The NDFB-S was not taken seriously initially. Then in 2014, it carried out several attacks that made Indian authorities sit up. In May that year, it killed 43 people, mainly Muslims in attacks in the Kokrajhar and Baksa districts. In December, it slaughtered around 30 Adivasis, plains tribals who were brought to Assam during colonial times to work on tea plantations as indentured labor, in Sonitpur district.
A key grievance of Bodos is that they have been reduced to a minority in ‘their homeland’ by ‘outsiders’ migrating there. Indeed, they constitute just 29% of the local population with the remaining comprising ‘outsiders’ like the Adivasis, Bengali Hindus, Bengali Muslims and Assamese Hindus.
Violence between Bodos and Muslims, and Bodos and Santhals has been a recurring feature of the recent history of the Bodo areas, with terror groups like the NDFB-S among the main perpetrators of the ethnically targeted killings.
However, unlike its massacres in the past that targeted ‘outsiders’ living in Bodo areas – Bodos who were killed by the NDFB-S in the past were either members of rival militant groups, traitors or informers – the August 5 incident saw NDFB-S militants spray bullets randomly into the crowd. Most of the victims were Bodos. Of those killed in the incident, only four were Muslims and none Adivasi.
Security analysts believe that the NDFB-S attack in Kokrajhar was aimed at asserting its relevance, signaling to state authorities and its own demoralized cadres that despite the recent losses, it remains a potent force, able and willing to carry out major attacks.
Since 2014, the NDFB-S has been under pressure from the Indian security forces’ counter-insurgency operations. Around 200 of its fighters were killed in these operations.
According to reports, today it has just a score or so cadres active in Assam and around a hundred others operating from neighboring Myanmar and Bhutan.
Songbijit is said to be based in Myanmar while military commander Bidai and his deputy Binod Mushahary aka Batha are among those holed up in forests along the India-Bhutan border.
Analysts point out that the security forces may have over-estimated the impact of their operations on the NDFB-S. While these did weaken the NDFB-S, pressure on the rebels reportedly eased somewhat this year. This may have facilitated the regrouping of the outfit.
In March this year, the Bhutan Army launched a major operation against anti-India rebels on its soil, prompting NDFB-S militants to slip out of sanctuaries in Bhutan to bases in Myanmar. Was the recent attack at Kokrajhar aimed at deflecting the attention of the security forces away from the India-Bhutan border, so that militants could relocate easily?

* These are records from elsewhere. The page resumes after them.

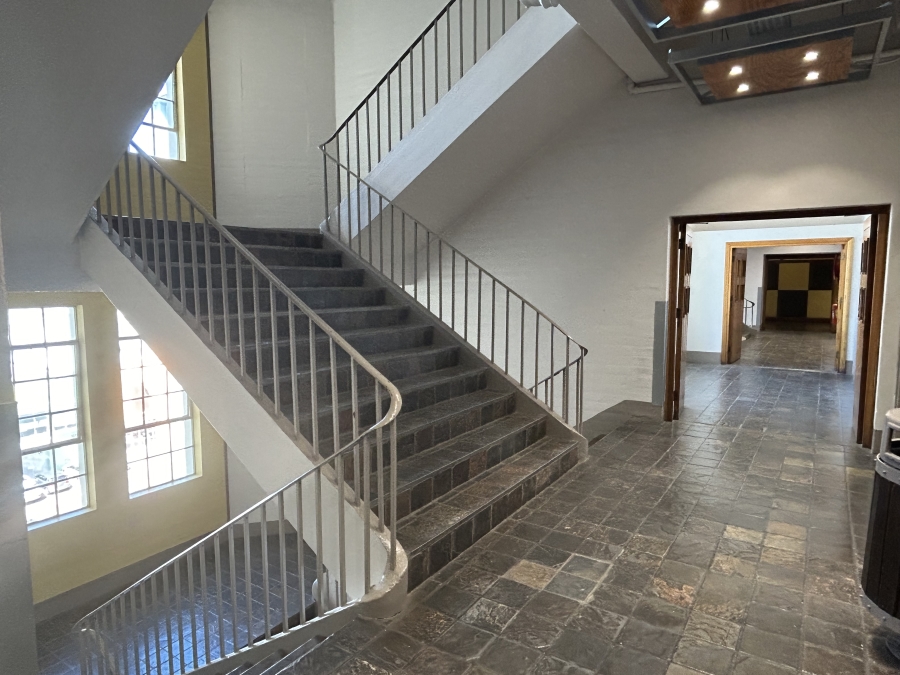 To Let Commercial Property for Rent in Woodstock Western Cape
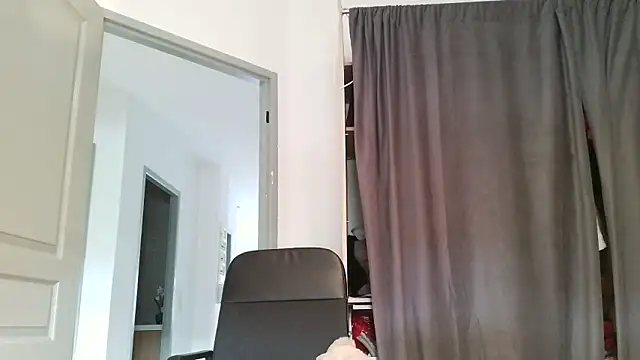 serena  vedette online show from 6, 3, 2026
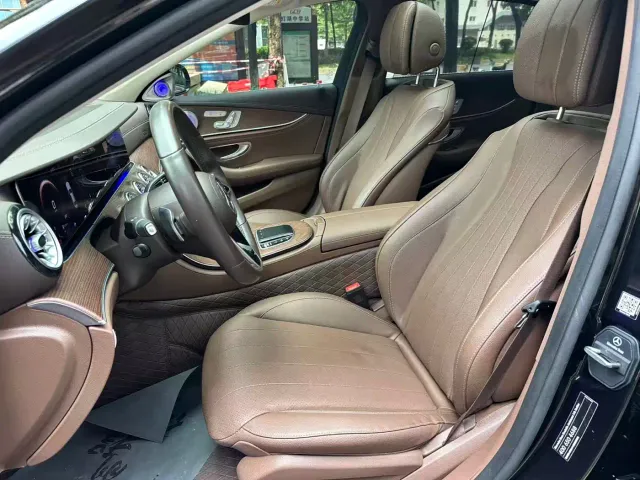 Mercedes-Benz E-Class — Фото автомобиля 5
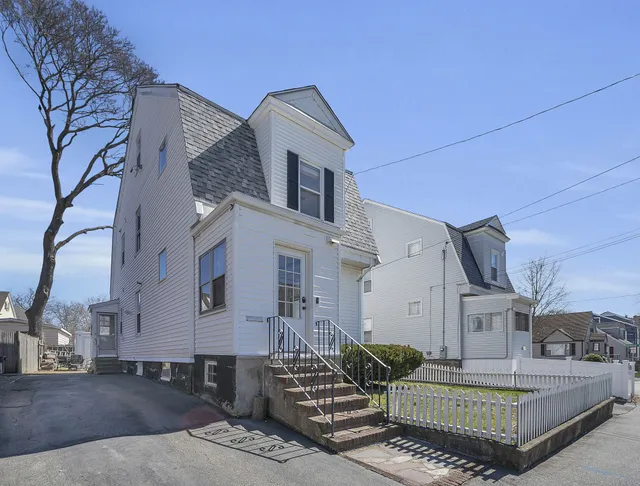 Donna DeRosa Realtor work photo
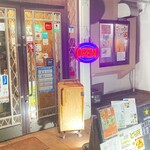 sakanatokunseinomisesambanyamukonosouhonten - 店前で燻製してます。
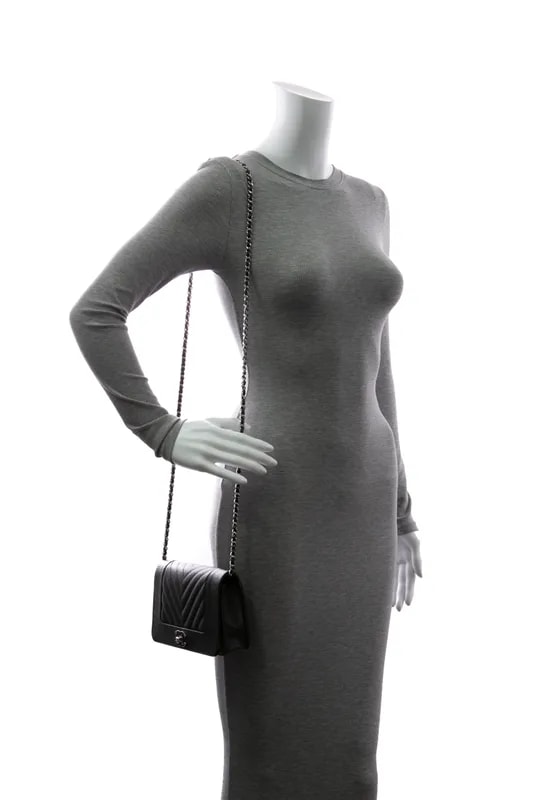Mademoiselle Wallet on Chain 2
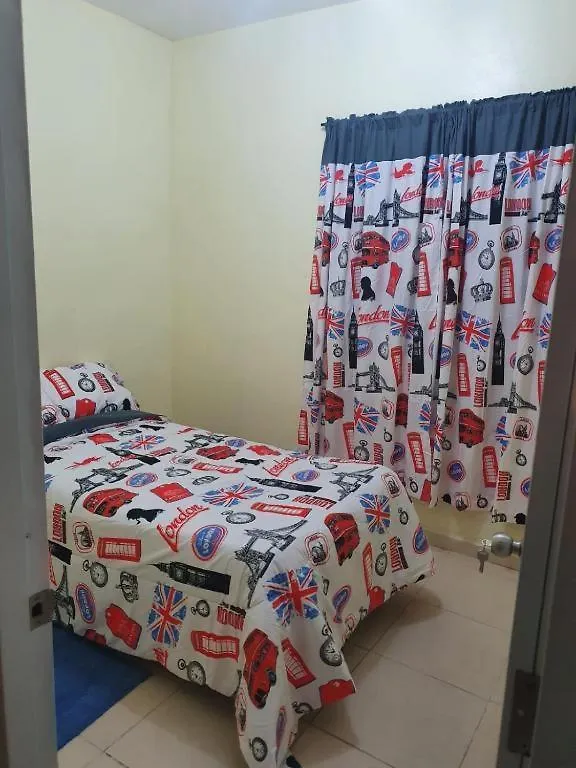 Villa En Residencial Boca Chica 0*,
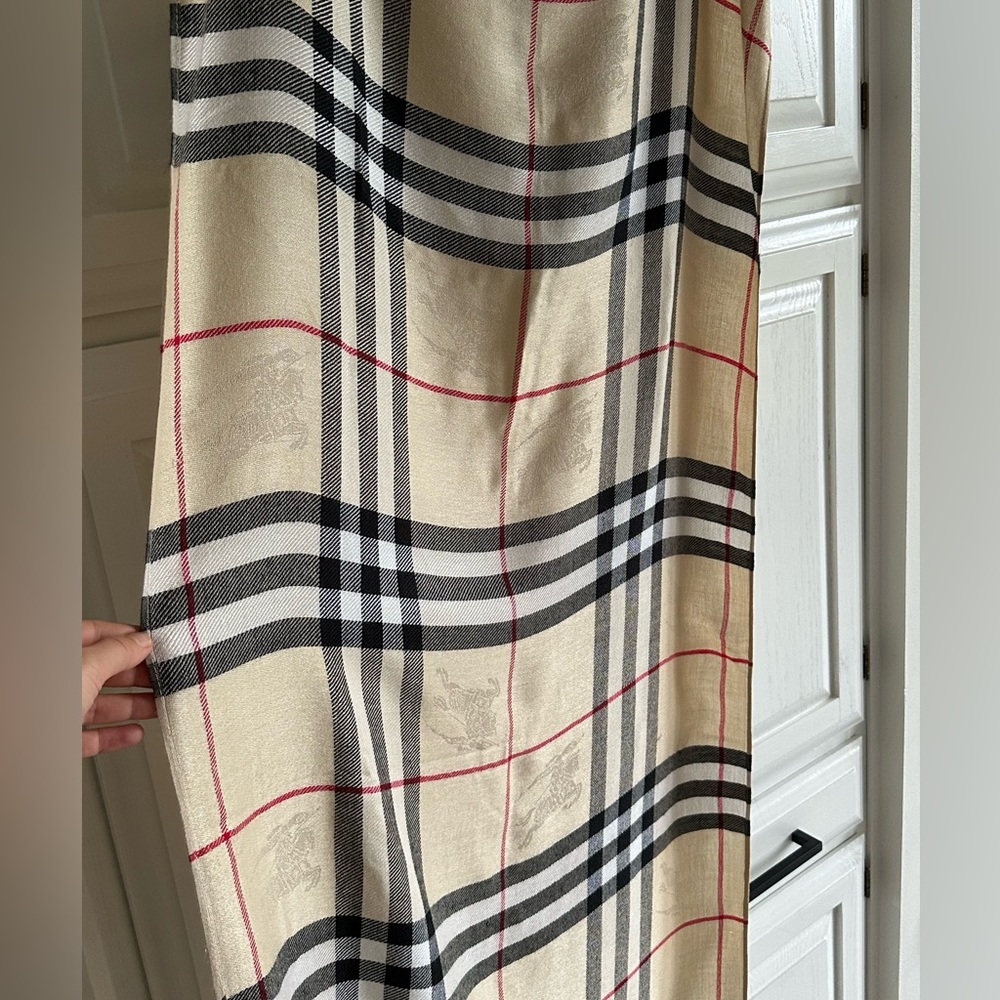 BURBERRY London Large Cashmere & Silk Heritage Check Scarf - Picture 3 of 12
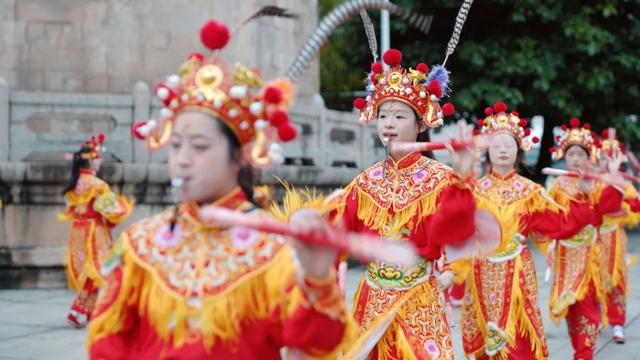 英歌“花木兰”，飒！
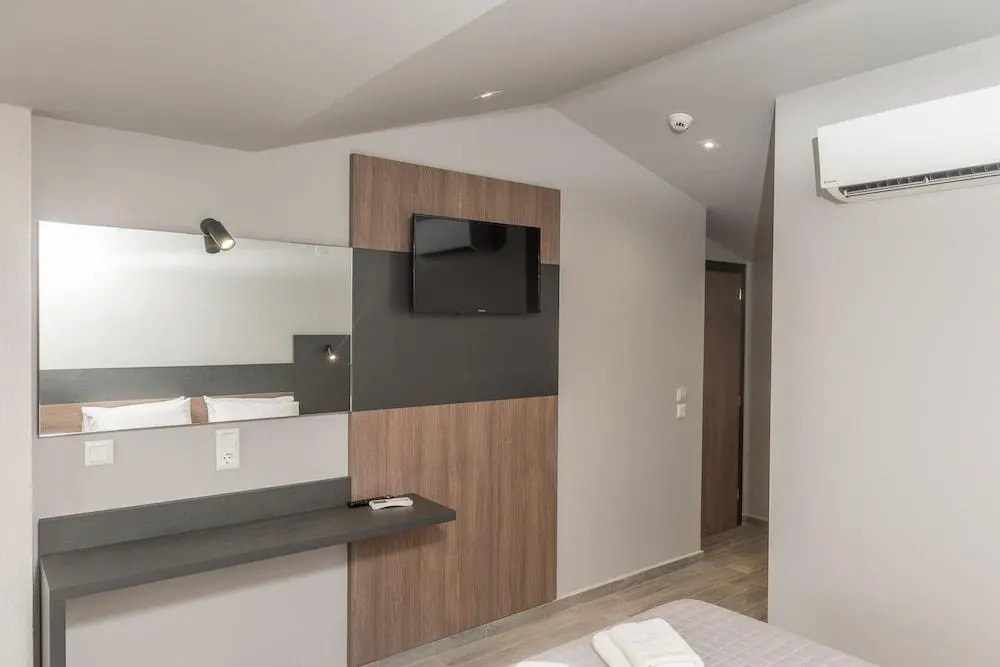 Elizabeth Queen Luxury Rooms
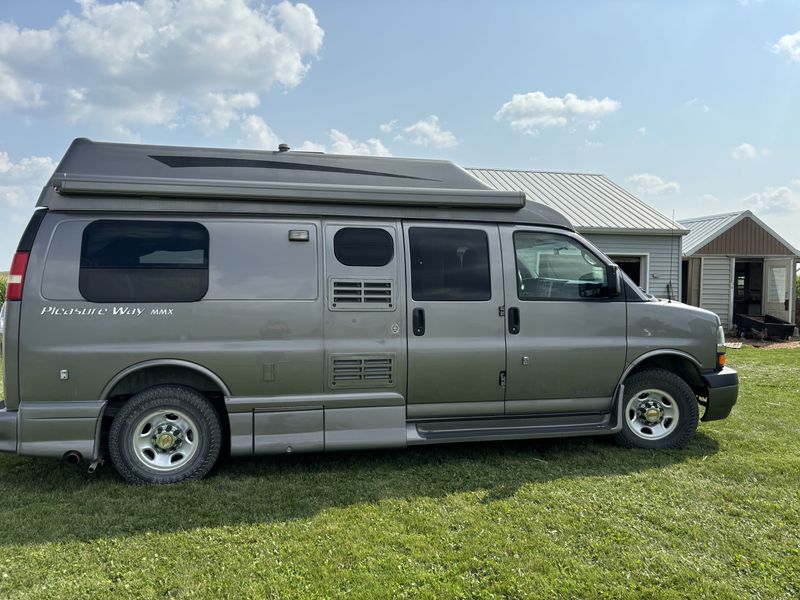 Picture 1/37 of a 2009 Pleasure Way for sale in Dike, Iowa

In the wake of the August 5 attack, Indian authorities have announced stepping up military operations against the rebel group. More troops are being deployed and all security forces have been ordered “to go all out against the NDFB(S),” Assam’s Chief Secretary V K Pipersenia said.
However, heightened military operations alone will not defeat the NDFB(S).
Bodo grievances continue to fester. ‘Bodoland’ continues to be lost to ‘outsiders’ as more migrants flow to Bodo areas. While the 2003 accord makes grand promises on these issues of concern, little has been done on the ground to address this source of Bodo insecurity.
Importantly, support for militancy needs to be addressed and this will be possible only if the government ensures that democratic institutions in the BTAD function better.
The Bodo Territorial Council is controlled by the Bodoland People’s Front but the governance it provides is poor, bringing little benefit to the Bodo people at large. Unemployment is widespread, making militancy and crime attractive career options for Bodo youth.
Bodo militancy, especially that targeting ‘outsiders’, has spawned an array of armed groups claiming to represent the interests of the ‘outsiders.’ Tit-for-tat violence has escalated over the years.
Importantly, the Indian state will have to sever links between the armed outfits and politicians. Without breaking this nexus, heightened operations against the NDFB-S will be an exercise in futility.